The increase comes after several economic reports showed renewed market strength and recovery. After a surprisingly low jobs report in September and the Federal Reserve's announcement that it would continue to buy bonds at a monthly rate of $85 billion, mortgage rates dropped. With a more positive economic outlook, rates are likely to continue their upward trend over the next year.
Interest rates have bounced between 4.5 and 4.0 percent over the past few months due to uncertainty over what the Fed planned to do about its fiscal policy. What is clear is that rates and the mortgage market are quickly affected by economic data and are influenced by speculation over the Fed's decision. Though an increase in rates can mean higher payments for borrowers, they are still relatively low when compared against historic averages, and homeowners are still able to find a low rate mortgage.
Federal Reserve Policy Outlook
Because the current rate of bond purchasing cannot be sustained forever by the central bank, any indication of economic improvement will increase the likelihood the Fed will begin to taper soon.
"The unemployment rate is down almost a full point from when we start this program in September 2012," James Bullard, St. Louis Fed president, told CNBC. "We've had faster job growth. Every jobs report that continues to show more jobs being created and a tick down in the unemployment rate is going to make the probability of a taper go up."

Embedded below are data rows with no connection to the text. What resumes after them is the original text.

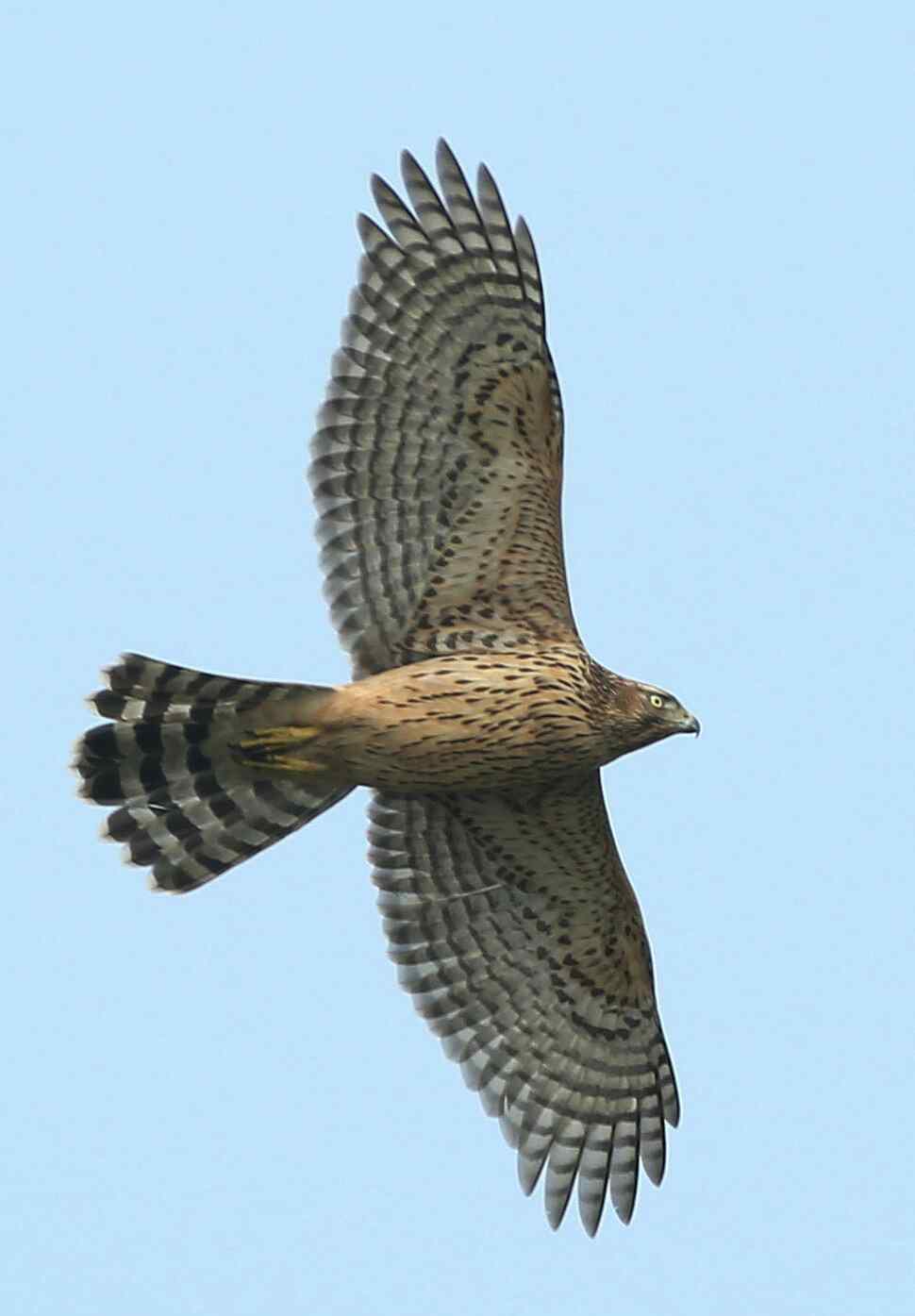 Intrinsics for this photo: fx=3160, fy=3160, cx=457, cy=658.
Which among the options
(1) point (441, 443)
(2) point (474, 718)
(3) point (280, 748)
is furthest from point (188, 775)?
(1) point (441, 443)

Consumer Spending and Confidence
According to a recent Gallup poll, Americans increased spending in October, a good sign for the economic recovery. Upper-income Americans increased spending by an average of $10 in October. Consumer spending accounts for 70 percent of U.S. GDP, Gallup reported. Any increase in spending suggests that the economy will continue its improvement by modest levels. The Gallup poll, which records what Americans report spending the prior day, increased from an average or $72 in 2012 to $88 in October 2013. Estimates for the fourth quarter of 2013 expect an increase of 1.7 percent.